Using the Nationwide Inpatient Sample from 2000 to 2003, we compared maternal and pregnancy complications for all pregnancy-related admissions for women with and without SLE.
Out of over 16.7 million admissions for childbirth over the 4 years, 13,555 were to women with SLE. Maternal mortality was 20-fold higher among women with SLE. The risks for thrombosis, infection, thrombocytopenia, and transfusion were each 3–7-fold higher for women with SLE. Lupus patients also had a higher risk for cesarean sections (OR 1.7), preterm labor (OR 2.4), and preeclampsia (OR 3.0) than other women. Women with SLE were more likely to have other medical conditions, including diabetes, hypertension, and thrombophilia, that are associated with adverse pregnancy outcomes.
Women with SLE are at increased risk for serious medical and pregnancy complications during pregnancy.
As the treatment of systemic lupus erythematosus (SLE) improves, more women with this disease are able to become pregnant. Pregnancy outcomes have improved dramatically over the last 40 years, with the pregnancy loss rate falling from 43% in the 1960’s to 17% by 2000. (1) The risks for maternal complications from SLE pregnancies, however, are not well documented. As each previously reported cohort has ranged from 25 to 265 pregnancies, reliable data for rare complications has not been available. Though lupus is no longer a contraindication to pregnancy, the extent of risk to a woman has been difficult to assess.

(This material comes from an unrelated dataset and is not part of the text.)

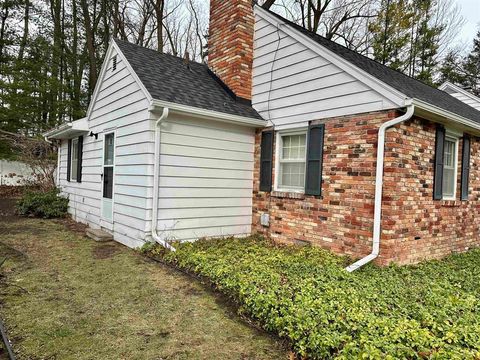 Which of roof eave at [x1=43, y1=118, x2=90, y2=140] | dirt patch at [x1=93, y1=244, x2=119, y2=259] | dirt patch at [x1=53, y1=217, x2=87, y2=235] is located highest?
roof eave at [x1=43, y1=118, x2=90, y2=140]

In this study, we have reviewed the Nationwide Inpatient Sample (NIS), a large database that includes detailed information on 20% of all hospitalizations throughout the United States. Using this database, we sought risk estimates for more rare, but potentially devastating, maternal complications, including thrombosis, infection, and maternal death.
The research protocol used in this study was reviewed and approved by the Duke University Medical Center Institutional Review Board. The Nationwide Inpatient Sample (NIS), from the Healthcare Cost and Utilization Project (HCUP) of the Agency for Healthcare Research and Quality (AHRQ) was queried for all pregnancy-related discharge codes for the years 2000–2003. The NIS contains data from approximately 1000 hospitals and is the largest all-payer inpatient care database in the U.S. It is a 20% stratified sample from a sampling frame that comprises 90% of all U.S. hospital discharges. Included in the sample are general hospitals and academic medical centers. (2–5) The hospitals are divided into strata based on ownership, bed size, teaching status, urban versus rural location and region. Sampling probabilities are proportional to the number of hospitals in each stratum.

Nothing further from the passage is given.